CHICAGO (SIGGRAPH 2020)—The simulation of woven and knitted fabrics is an ongoing problem in computer graphics. Simulating the way a fabric drapes or moves while being worn, while accurately modeling low-level effects such as the stiffness and stretch of individual yarns, is a complicated challenge that requires sophisticated computational modeling.
In this new work, a global team of computer scientists from the Institute of Science and Technology (IST) Austria and Indian institute of Technology Delhi (IITD) has developed a method for specifically animating yarn-level cloth effects, accurately capturing the physics of the material, including the stretching and bending response. The results of the team’s homogenized computational modeling framework accurately mimic the appearance of knitted and woven materials using yarn.
The team, comprising Georg Sperl and Chris Wojtan from IST Austria and Rahul Narain from IITD, is set to present their work at SIGGRAPH 2020. The conference, which will take place virtually this year starting 17 August, gathers a diverse network of professionals who approach computer graphics and interactive techniques from different perspectives. SIGGRAPH continues to serve as the industry’s premier venue for showcasing forward-thinking ideas and research.

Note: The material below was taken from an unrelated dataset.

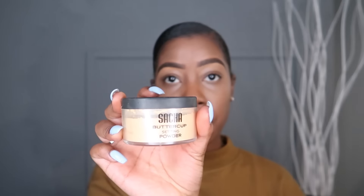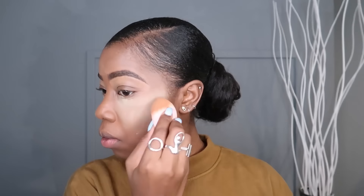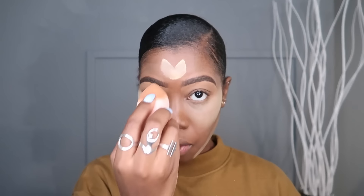Now that we're done with brows, I'm going to take the Sacha Buttercup Setting Powder. I take the other side of my Beauty Blender and put that under my eyes, under here, and under here. Then I do my forehead and my nose.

“Yarn-level cloth techniques produce beautifully detailed and realistic results, but it can become impractically slow to simulate full garments,” Sperl, lead author of the research and Ph.D. student in the Wojtan lab at IST Austria, says. “Our method helps make such simulations more feasible by precomputing the mechanical properties of yarn patterns and fitting continuum materials that can be used in existing mesh-based simulators. This can greatly speed up the simulation of cloth while preserving the material’s overall stretching and bending resistance and capturing characteristic phenomena of fabrics such as curling.”
Picture the level of details that make up yarn cloth, from a variety of lengths and widths, the various appearances of spun thread, and the wide array of patterns created with yarn cloth by knitting, crocheting, or weaving. The team’s approach is able to capture all of these specific details and material properties of yarn-level cloth in a truly realistic and precise way.
They validated their method using stretching and draping tests that produced accurate translations of the fabric in a virtual world. Visual examples included the animation of a variety of detailed yarn-cloth patterns and techniques, i.e., slip stitch honeycomb and satin weave, showcasing more of the folds, curling, and wrinkles of the cloth while draped over an object or worn as a sweater or scarf.
One of the important challenges the team addressed was the ability to simulate yarn-level cloth faster and at scale. Their method captures the complex physics emerging from yarn patterns at a fraction of the cost of direct yarn-level cloth simulation.
“Our technique allows us to capture the resistance of multiple deformations at the same time,” the authors say. “We additionally developed a procedure to fit a material model capable of capturing these effects from homogenized data. With this, we were able to automatically reproduce characteristic behaviors of different fabrics, including subtle phenomena like the interaction between stretching and curling in knitted patterns, which have not been captured in previous cloth models.”
In the future, this method could expand to animate other complicated multi-physics materials like layered quilts, layered elastic material, skin tissue, and deployable shells. The team’s method opens up exciting avenues for future studies by applying it to homogenization of layered or composite materials, for estimating material properties of new materials constructed from simpler components, or for inverse design problems in the manufacturing of knitted cloth.